# Who is not watching the football?



## spike (Dec 26, 2013)

Me for one


----------



## Lollypop86 (Oct 26, 2013)

meeeeee!

J
xx


----------



## Hoggy (May 8, 2002)

Hi, Me.
Hoggy.


----------



## barton TT (Nov 13, 2004)

I'm bored watching it already. Going to watch Salvage Hunters now.


----------



## Spaceman10 (Nov 15, 2011)

Me too

Motor sport for me

Phil


----------



## Jenny H (Aug 25, 2013)

Me.....don't like football. OH has gone to the pub to watch it, so I have peace for a couple of hours 

Jenny


----------



## YELLOW_TT (Feb 25, 2004)

Me but not by choice can't stand the game and what little respect I had for the game has been spoilt by all the cheating premadonnas


----------



## brittan (May 18, 2007)

Kickball? Who's playing?


----------



## Cloud (Sep 4, 2012)

Foot what?

Busy updating my Southport BBQ thread, anyone want to come? [smiley=chef.gif] 
viewtopic.php?f=3&t=682409


----------



## Shug750S (Feb 6, 2012)

Watching it, but not enjoying it one bit...


----------



## spike (Dec 26, 2013)

Shug750S said:


> Watching it, but not enjoying it one bit...

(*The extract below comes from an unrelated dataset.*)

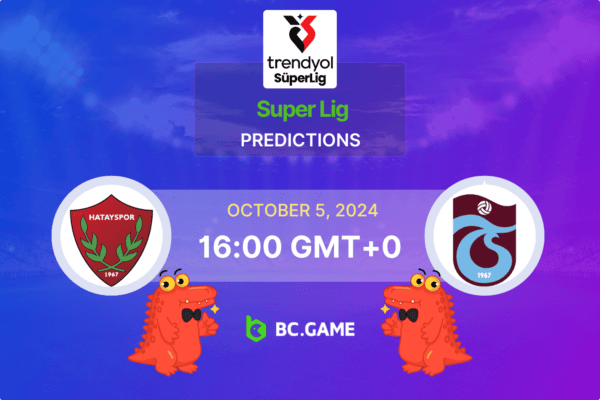 Hatayspor vs Trabzonspor (1:1): Super Lig 05/10/2024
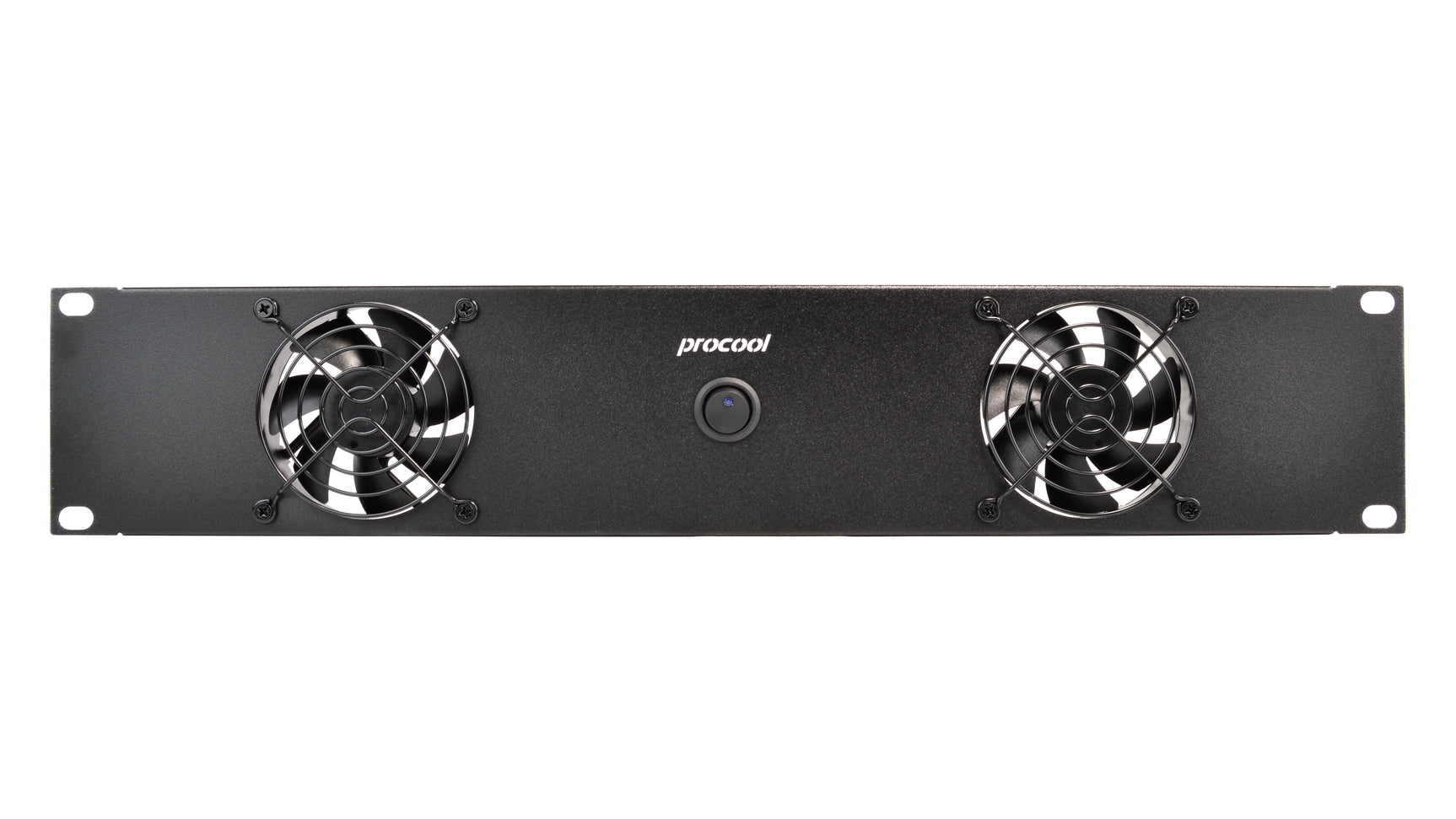 SXT280 - 2U Quiet Temperature-Controlled Variable Speed Rack Fan System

This thread is not for you 8)


----------



## Pugwash69 (Jun 12, 2012)

I don't watch it.


----------



## Lollypop86 (Oct 26, 2013)

Cloud said:


> Foot what?
> 
> Busy updating my Southport BBQ thread, anyone want to come? [smiley=chef.gif]
> viewtopic.php?f=3&t=682409


If it wasnt like a million miles away lol

J
xx


----------



## spike (Dec 26, 2013)

where's Southport? sounds up norf to me! :lol:


----------



## Lollypop86 (Oct 26, 2013)

it is....its right up norf lol

J
xx


----------



## spike (Dec 26, 2013)

Lollypop86 said:


> it is....its right up norf lol
> 
> J
> xx


what you mean past the M4 :-o :-o :-o :-o


----------



## Cloud (Sep 4, 2012)

spike said:


> Lollypop86 said:
> 
> 
> > it is....its right up norf lol
> ...


Stan even made it from the USA last year! That's dedication.

Anyway, back on topic- has it finished yet? Is it safe to go back into the living room?


----------



## spike (Dec 26, 2013)

finshed, England came 2nd in tonights kick about.


----------



## spike (Dec 26, 2013)

I dont watch the World Cup, I mean if I wanted to see grown men struggle to score for 90 minutes...
I'd go to my local bar.


----------



## Skeee (Jun 9, 2009)

Austrian GP this weekend. _(What football?_)


----------



## John-H (Jul 13, 2005)

My sock draw has never been tidier :wink:


----------



## brian1978 (Jul 10, 2013)

Lol. Shrek is a dud...

That is all :twisted:


----------



## Mr Funk (Apr 27, 2014)

Mrs funk and I only watched it so I can spend today laughing at the Viking at work because he loves it. Couldn't understand why they didn't just pick the bloody thing up and run with it.
Fussball is a rubbish


----------



## mighTy Tee (Jul 10, 2002)

We turned to watch it at 90mins +1 

What I think summed it up well was talking to a Dutch lady at the weekend who said "the problem with English football is you have too many foreigners playing in your leagues, so you don't have any good players".

Kind of sums it up nicely.


----------



## spike (Dec 26, 2013)

From the sounds of no-one will be watching England games very soon


----------



## Fizzleh (Jan 22, 2014)

me, its the perfect time to go to gym. empty


----------